§ EXERCISE DETAILS
Please restate the listing word for word, omitting the images.

§ RAW DATA
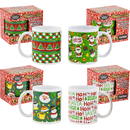 Simply Home Christmas Mug 11 oz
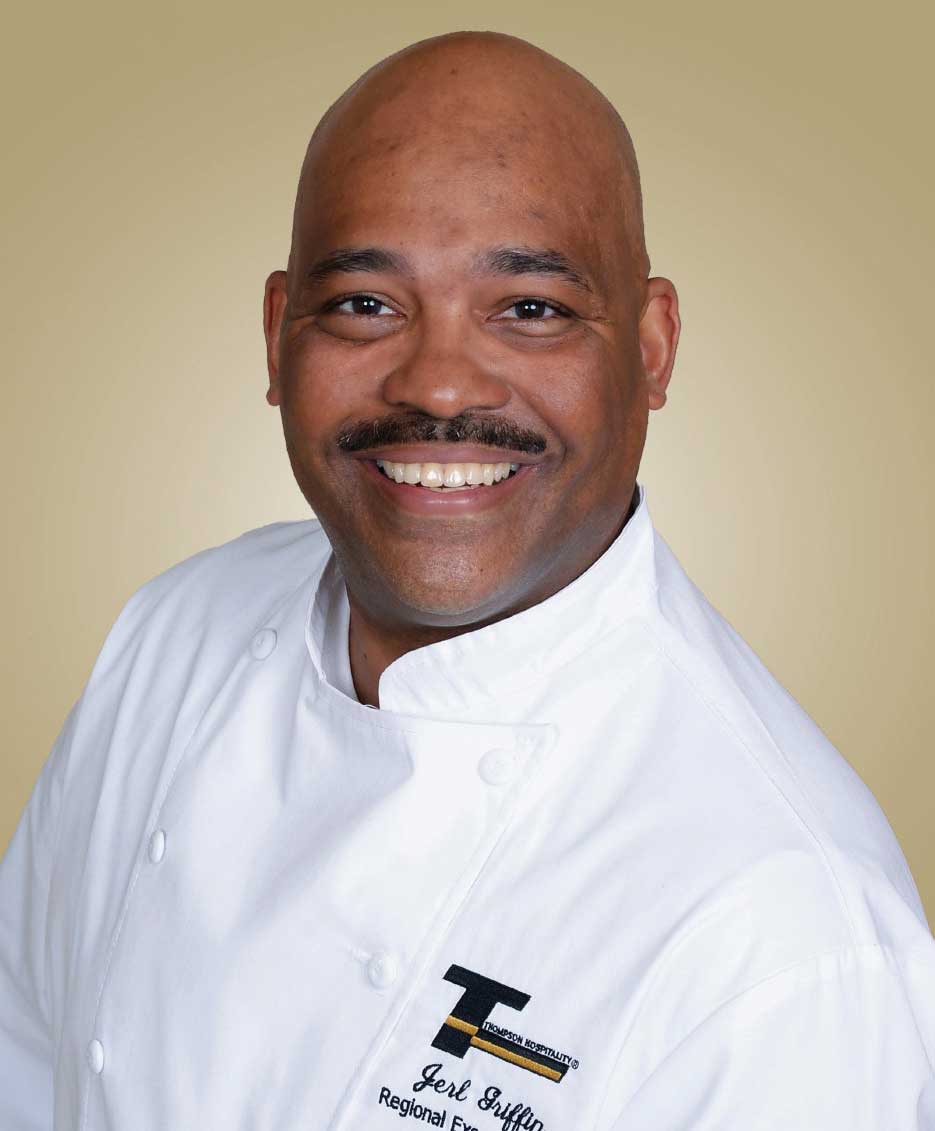 Chef Jerl Griffin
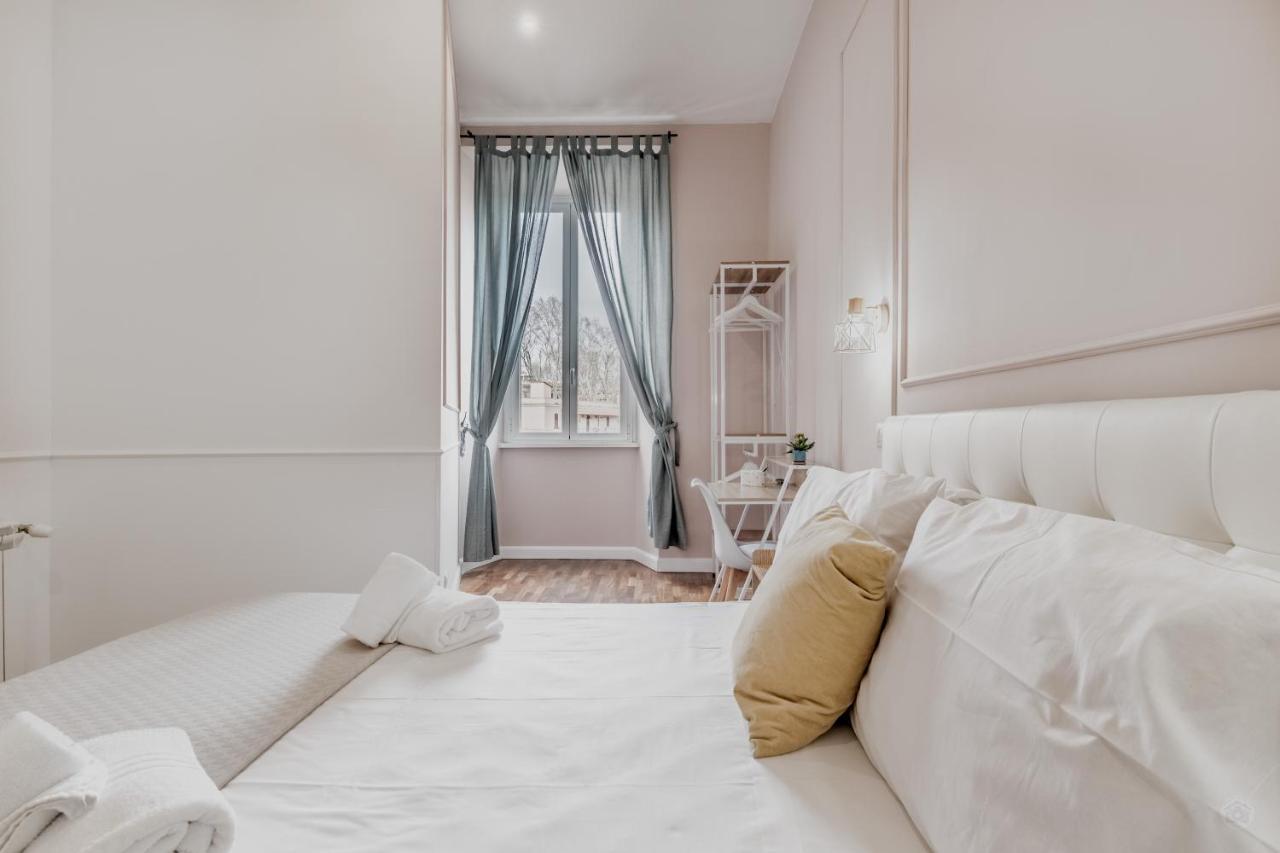 רומא Vatican City Guest House מראה חיצוני תמונה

§ ANSWER FOR THE TASK
 Simply Home Christmas Mug 11 oz
 Chef Jerl Griffin
 רומא Vatican City Guest House מראה חיצוני תמונה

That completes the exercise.